PTPRZ-MET fusion protein: A new target for personalized brain cancer treatment
Researchers at the University of California, San Diego School of Medicine have identified a new fusion protein found in approximately 15 percent of secondary glioblastomas or brain tumors. The finding offers new insights into the cause of this cancer and provides a therapeutic target for personalized oncologic care. The findings were published this month in the online edition of Genome Research.
Glioblastoma is the most common and deadliest form of brain cancer. The majority of these tumors – known as primary glioblastomas – occur in the elderly without evidence of a less malignant precursor. Secondary glioblastomas occur mostly in younger patients and progress from low-grade, less aggressive precursor tumors to glioblastoma, the most aggressive form of the disease.
"While genomic profiling is yielding improved understanding of primary glioblastoma, our understanding of secondary glioblastoma remains rudimentary," said Clark Chen, MD, PhD, vice-chairman of Research and Academic Development, Division of Neurosurgery, UC San Diego School of Medicine and a principle investigator of the study. "In this study, we used a technology called RNA-Seq to study the RNA sequences derived from 272 clinical tumor specimens from patients afflicted with secondary glioblastoma or precursor forms of this tumor."
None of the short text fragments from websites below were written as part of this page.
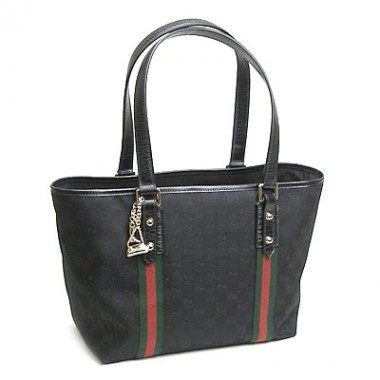 グッチ 新作＆送料込 新入荷 GUCCI バッグ137396-F40MG-1060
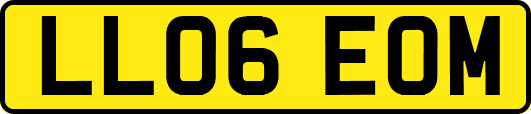 LL06EOM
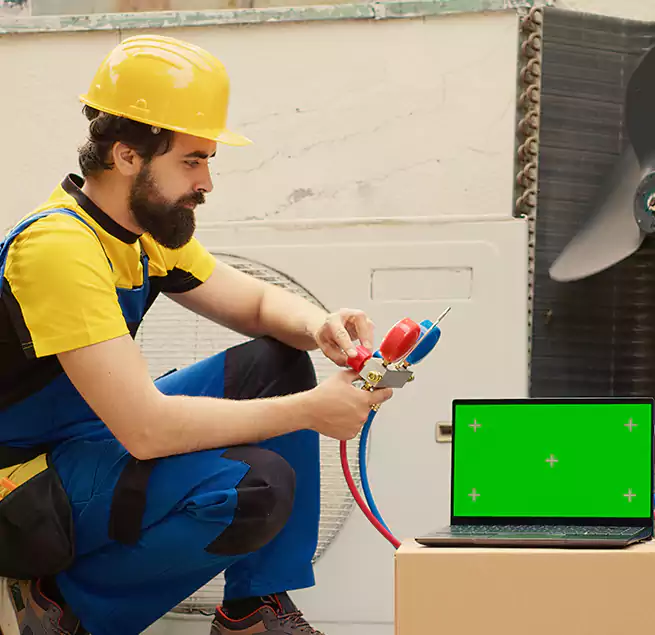 Why Homeowners & Businesses Trust Us in Murray, KY?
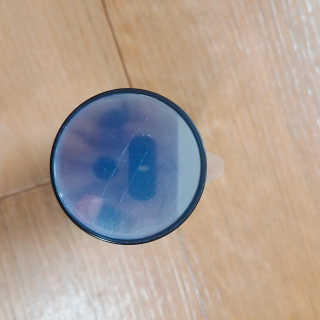 아보카도올리브님이 올린 리뷰 사진 1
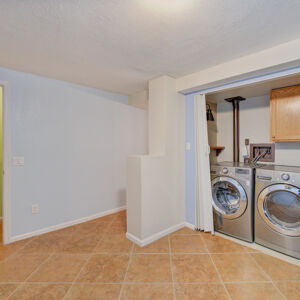 31)» 7865 Barbara Ann Dr-Unit F.jpg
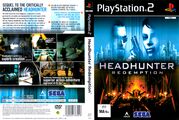 HeadhunterRedemption PS2 AU Box.jpg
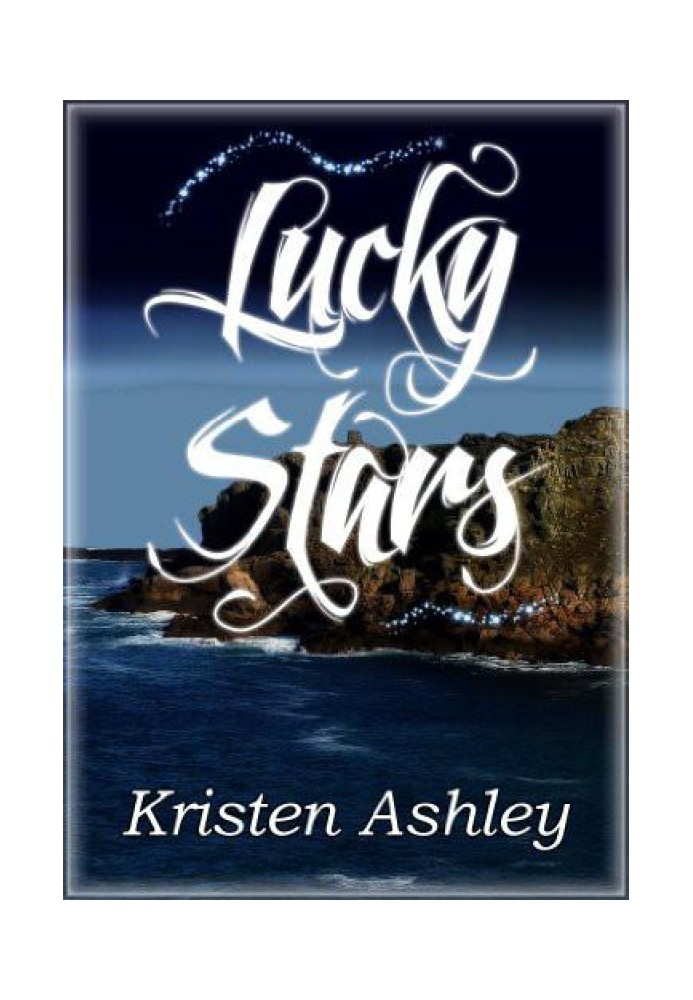 Lucky Stars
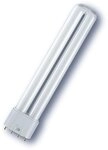 Dulux L 55 Watt 840 4P 2G11 - Osram, 3 St&uuml;ck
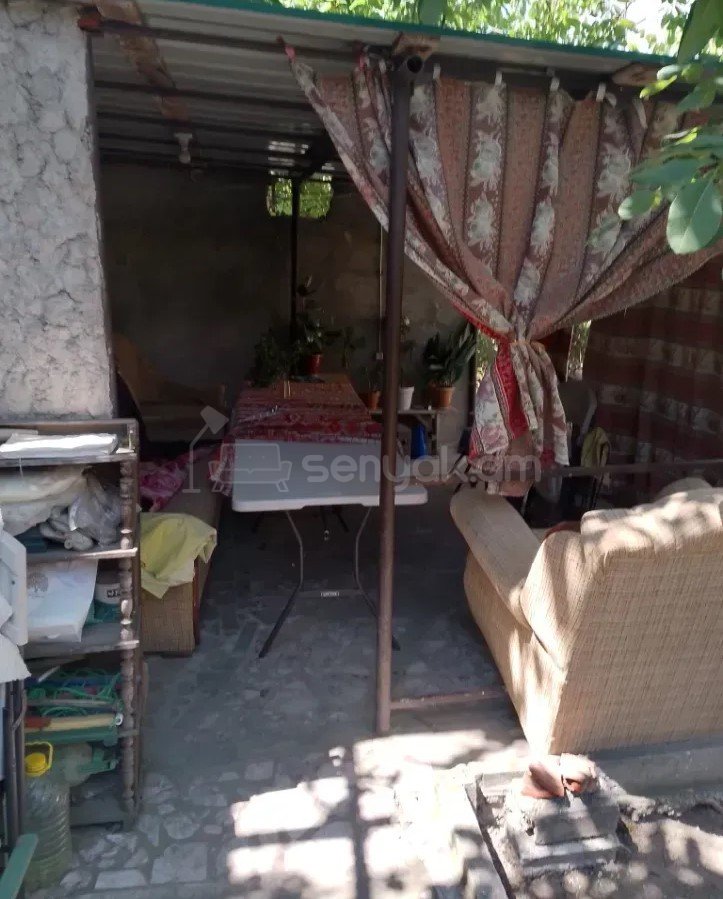 3 Սենյականոց Բնակարան Քարե Շենքում, 76քմ, 1/5 հարկ, Դիզայներական Վերանորոգված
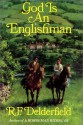 God Is An Englishman Part 1 Of 2 - R.F. Delderfield, Ian Whitcomb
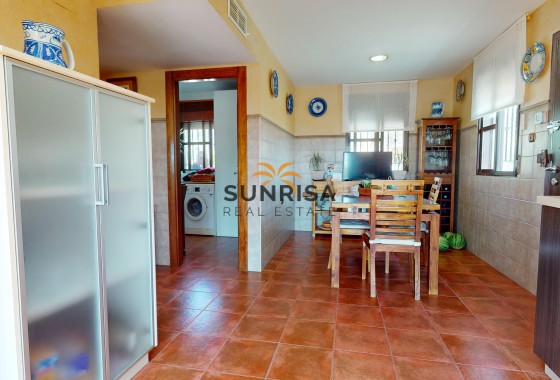 detached · New Build - Águilas · Murcia · Spain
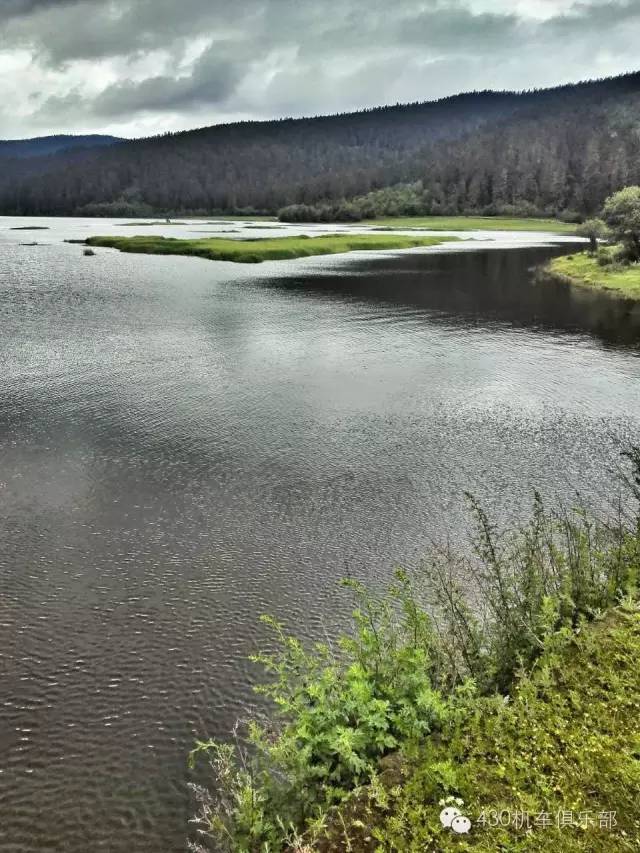 跨越五省，骑行香格里拉等地，他们用这样的方式宣传肇庆！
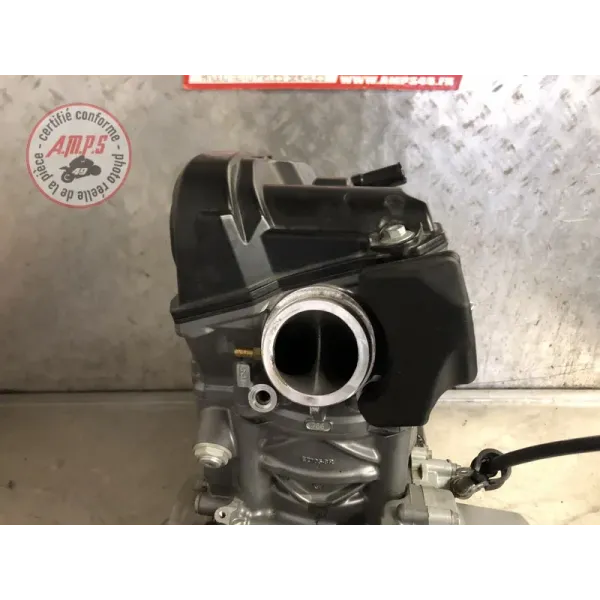 Moteur GASGAS SM 700 2022
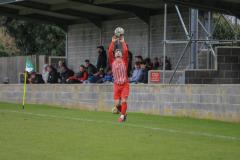 wantage-corsham-33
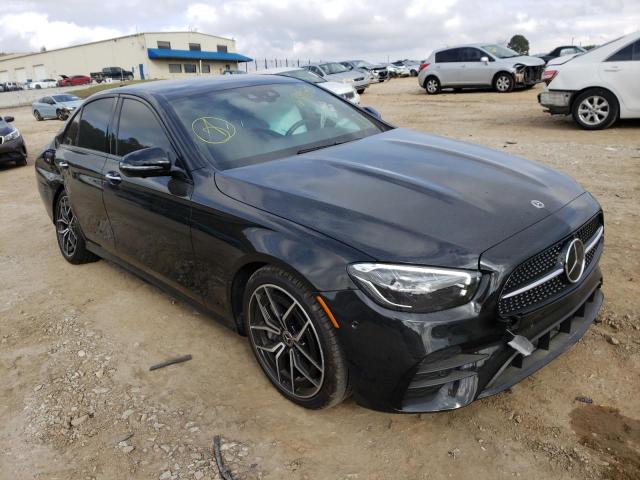 2021 mercedes-benz e 350 4mat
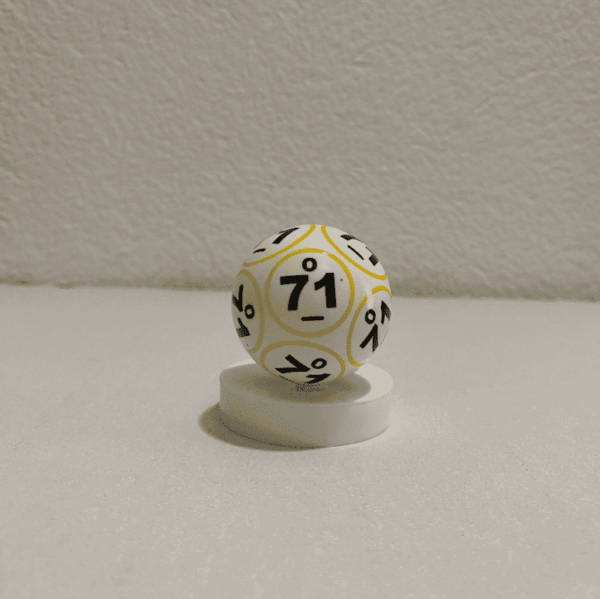 bolas-amarilla-3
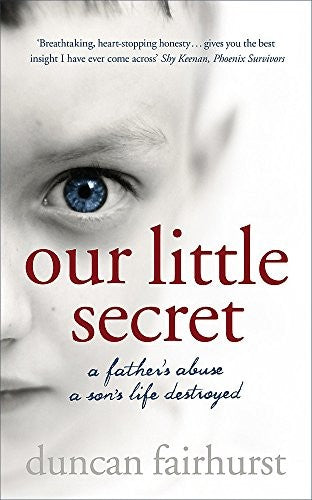 Our Little Secret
The study revealed that the RNA sequences of brain cancers become progressively more abnormal as the tumor become more malignant. Specifically, the frequency of aberrant RNAs fusing gene sequences not normally found next to one another increased with tumor grade. Most of these fusion junctions occur in seemingly random locations. However, transcripts involving fusions of the PTPRZ and MET gene were found repeatedly in clinical specimens derived from different patients. The study estimates that 15 percent of the secondary glioblastoma harbor this fusion.
"The recurrent nature of this fusion transcript suggests that the fusion did not arise by chance. Instead, it's likely that the fusion actively contributes to the biologic behavior of the tumor," said Chen, who collaborates with a multidisciplinary team at UC San Diego Moores Cancer Center. "Supporting this hypothesis, we demonstrated that glioblastoma cells expressing the PTPRZ-MET fusion are more invasive and patients afflicted with these tumors showed particularly poor survival relative to other secondary glioblastoma patients."
"One of the most important implications of the work is that inhibitors against the MET oncoprotein are available for clinical use," said Bob S. Carter, MD, PhD, study co-author and professor of surgery and chief of Neurosurgery, UC San Diego School of Medicine. "Secondary glioblastomas harboring the PTPRZ-MET fusion may be exquisitely sensitive to these inhibitors. Matching MET inhibitors to genotype of the glioblastoma affords us a unique opportunity to personalize oncologic care."